Les musées abritant dans leurs collections des œuvres inventoriées « Musées nationaux récupération » se sont mis tardivement à la recherche proactive des ayants droit.
C’est trop récemment également que la Commission pour l’indemnisation des victimes de spoliations a pu s’autosaisir de spoliations de biens culturels.
En outre, ces restitutions dépassent le seul champ de l’objet matériel ; elles sont un enjeu essentiel de la reconnaissance de la Shoah, de la collaboration de l’État français et du nécessaire effort de réparation que nous devons aux ayants droit des trop nombreuses victimes de cette barbarie.
Ce projet de loi nous invite par ailleurs à la rencontre du domaine de la culture et à l’appréciation de ce que c’est qu’un bien culturel. Certains biens ont une valeur affective importante pour les familles.
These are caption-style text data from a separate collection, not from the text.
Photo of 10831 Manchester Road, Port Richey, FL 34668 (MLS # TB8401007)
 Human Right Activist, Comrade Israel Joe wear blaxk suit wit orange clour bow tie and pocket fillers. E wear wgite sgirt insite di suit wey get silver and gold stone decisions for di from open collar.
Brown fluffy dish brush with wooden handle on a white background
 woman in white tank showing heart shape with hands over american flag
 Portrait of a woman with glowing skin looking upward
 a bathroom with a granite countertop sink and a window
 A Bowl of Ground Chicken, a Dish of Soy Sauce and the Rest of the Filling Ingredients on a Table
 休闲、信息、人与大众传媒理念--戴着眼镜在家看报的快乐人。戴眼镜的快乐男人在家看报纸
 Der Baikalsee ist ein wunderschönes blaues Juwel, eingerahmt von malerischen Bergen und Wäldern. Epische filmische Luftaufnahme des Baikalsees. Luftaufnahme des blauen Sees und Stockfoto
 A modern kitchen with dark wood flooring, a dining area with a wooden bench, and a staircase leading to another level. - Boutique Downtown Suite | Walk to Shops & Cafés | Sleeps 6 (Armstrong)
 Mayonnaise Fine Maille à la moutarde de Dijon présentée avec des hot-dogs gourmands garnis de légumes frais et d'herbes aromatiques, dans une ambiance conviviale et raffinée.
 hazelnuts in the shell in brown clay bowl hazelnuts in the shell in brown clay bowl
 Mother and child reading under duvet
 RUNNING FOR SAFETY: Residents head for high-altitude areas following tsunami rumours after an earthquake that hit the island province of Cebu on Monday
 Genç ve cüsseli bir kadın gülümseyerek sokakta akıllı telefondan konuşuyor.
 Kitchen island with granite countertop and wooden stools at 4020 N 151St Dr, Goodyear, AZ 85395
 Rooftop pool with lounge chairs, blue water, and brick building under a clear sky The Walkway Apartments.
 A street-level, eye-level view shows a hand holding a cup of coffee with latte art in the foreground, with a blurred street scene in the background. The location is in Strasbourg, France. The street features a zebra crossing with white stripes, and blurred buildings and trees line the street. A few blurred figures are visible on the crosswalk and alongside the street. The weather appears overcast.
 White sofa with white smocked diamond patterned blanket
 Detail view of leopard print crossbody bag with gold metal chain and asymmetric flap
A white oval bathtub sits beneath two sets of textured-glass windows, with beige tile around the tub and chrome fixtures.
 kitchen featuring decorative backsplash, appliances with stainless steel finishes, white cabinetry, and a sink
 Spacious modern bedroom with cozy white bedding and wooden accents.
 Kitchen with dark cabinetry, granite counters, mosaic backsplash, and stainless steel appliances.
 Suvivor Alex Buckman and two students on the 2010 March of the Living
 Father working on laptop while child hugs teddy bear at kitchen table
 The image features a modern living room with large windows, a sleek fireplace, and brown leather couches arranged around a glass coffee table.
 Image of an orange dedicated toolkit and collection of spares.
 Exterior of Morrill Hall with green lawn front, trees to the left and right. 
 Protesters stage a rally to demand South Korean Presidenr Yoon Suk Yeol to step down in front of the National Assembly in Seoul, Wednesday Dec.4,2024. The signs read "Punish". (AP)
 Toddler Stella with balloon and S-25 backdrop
Ils sont des témoignages de leur passé, en tant qu’ils expriment le choix affectif ou esthétique qui avait été porté sur eux à l’époque.
Néanmoins, certaines œuvres sont aussi des objets d’un marché de l’art hautement spéculatif et marqué par une grande mobilité.
C’est l’occasion, donc, dans ce temps de réflexion sur une future loi-cadre, de revenir sur la valorisation d’œuvres qui suscitent une spéculation intrinsèquement liée à leur statut de valeur refuge en temps troubles ; quant à la fiscalité afférente, il faut en faire régulièrement l’examen pour en mesurer le bénéfice culturel ou pour constater au contraire que son seul effet relève de la niche fiscale ou du droit des successions.
L’article 2 de ce projet de loi nous conduit à nous interroger sur la valeur marchande du bien culturel, qui peut fluctuer au gré des situations économiques, mais qu’il convient de réparer lorsqu’un contexte délétère a été imposé par l’ignominie des prises de position de l’État français de Vichy.
Quant au troisième axe de réflexion qu’appelle l’examen de ce texte, il nous engage, nous, parlementaires, réunis pour écrire la loi : c’est le droit.
Dire le droit, c’est utiliser des mots, qui peuvent guérir, qui peuvent réparer, comme d’autres peuvent blesser, meurtrir. Dire et écrire la nécessaire réparation due à la mémoire des victimes de persécutions antisémites est un devoir qu’il nous revient de remplir par l’intermédiaire de ce projet de loi.
La funeste période du régime de Vichy fut ouverte par la défaite militaire, mais aussi par la faillite morale de ce qui fut alors la représentation nationale.